The Sikh army under Maharaja Ranjit Singh was one the most powerful military forces in early 19th century India. But what is fascinating, is that at its height and at the top, his army was led by a crack international military team, trained in the best military techniques of the world. Dominated by the French, this battalion of the Maharaja also had soldiers from Italy and Wisconsin, America!

The story of the ‘Fauj-i-Khas’ or the French legion of Maharaja Ranjit Singh can be found in French historian Jean Marie-Lafont’s book ‘Maharaja Ranjit Singh: Lord of the Five Rivers. Ranjit Singh blazed a trail of victory through the plains of Punjab in the late 18th century. He united  the different Sikh Misls and founded a mighty Sikh empire that stretched from Ladakh in the East to Sindh in the West, covering the crown of the subcontinent.


Fauj-i-Khas battalion of Maharaja Ranjit Singh was dominated by the French and also had soldiers from Italy and America

Traditionally, the Sikh fighting forces had been dominated by a fast and nimble cavalry.

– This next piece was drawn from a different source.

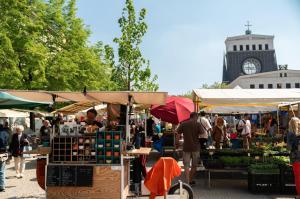 people walking around a market with a clock tower in the background at Apartment in Prague's Best Local Area in Prague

Known for their speed, strength and ability to ambush and strike, this had worked perfectly in carving an empire. But once built, this cavalry seemed inadequate to manage the sheer expanse of the Sikh Empire.

The Sikh empire of Maharaja Ranjit Singh, 1839
The Sikh empire of Maharaja Ranjit Singh, 1839|LHI Team

In 1809, when Maharaja Ranjit Singh tried to expand his kingdom south of the Sutlej river, he was confronted by the armies of the British East India Company and forced to sign The Treaty of Amritsar (1809). It is then that Maharaja Ranjit Singh realised the need to modernise his force along more ‘Western’ lines. Initially, this was done by employing deserters from the British army. They quickly proved to be extremely unreliable.

However, after Napoleon's defeat in the Battle of Waterloo (1815), there were a large number of officers from his army, who were travelling across Asia as mercenaries and adventurers. The found employment in Afghanistan, Persia, the Maratha empire and many even ended up at Maharaja Ranjit Singh's court in Lahore.  In 1822, Maharaja Ranjit Singh employed General Jean-François Allard, a veteran of Napoleon’s army, who had left Europe for India, after the Battle of Waterloo. General Allard was instructed to create a  special ‘Fauj-i-Khas’ which would be an elite unit of the Sikh army reporting directly to the Maharaja.

Tomb of Anarkali at Lahore
Tomb of Anarkali at Lahore|Wikimedia Commons

Interestingly, Allard’s official residence in Lahore was the tomb and garden of Anarkali, the courtesan who as per folklore, was believed to be the love of Mughal Prince Salim (Jahangir). This also served  as the headquarters of the ‘Fauj-i-Khas’. Right opposite was the ‘Champ de Mars’, a parade ground where the strongest young recruits from Punjab were trained.  It is said that Maharaja Ranjit Singh  took personal interest in this force and could often be seen watching the training programs. Soon the Fauj-i-Khas , a 5000 strong force was raised.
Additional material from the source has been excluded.